What you need to do -
Would you print the listing that follows exactly, but without its pictures?

Information supplied -
========================================================================

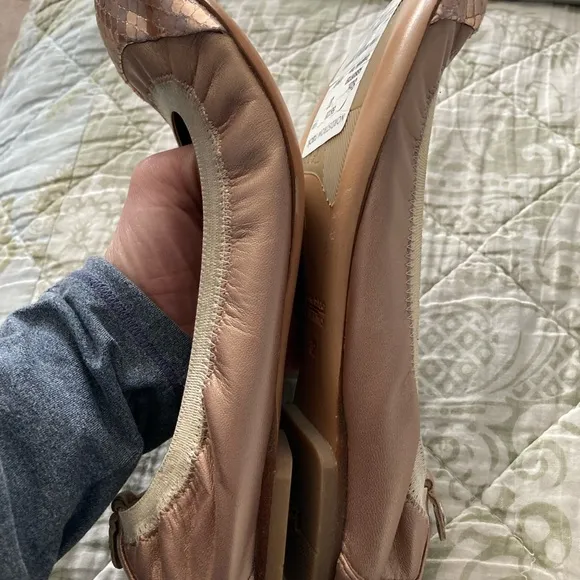 NWT AGL sz7 (37) rose 🌹 gold snakeskin toe flats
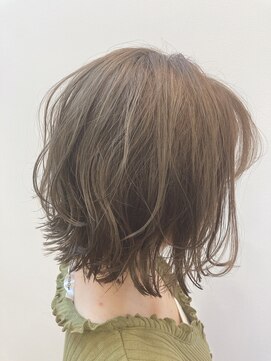 ナディアバイカリス(Nadia by charis) 前下がりボブ|ナチュラル|オリーブ|ボブ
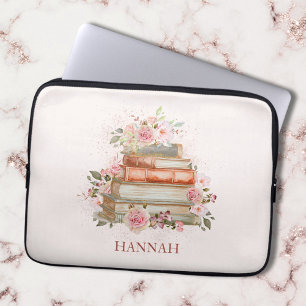 Mit Monogramm versehene Bücher und alte rosa Rosen Laptopschutzhülle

========================================================================

Task response -
 NWT AGL sz7 (37) rose 🌹 gold snakeskin toe flats
 ナディアバイカリス(Nadia by charis) 前下がりボブ|ナチュラル|オリーブ|ボブ
 Mit Monogramm versehene Bücher und alte rosa Rosen Laptopschutzhülle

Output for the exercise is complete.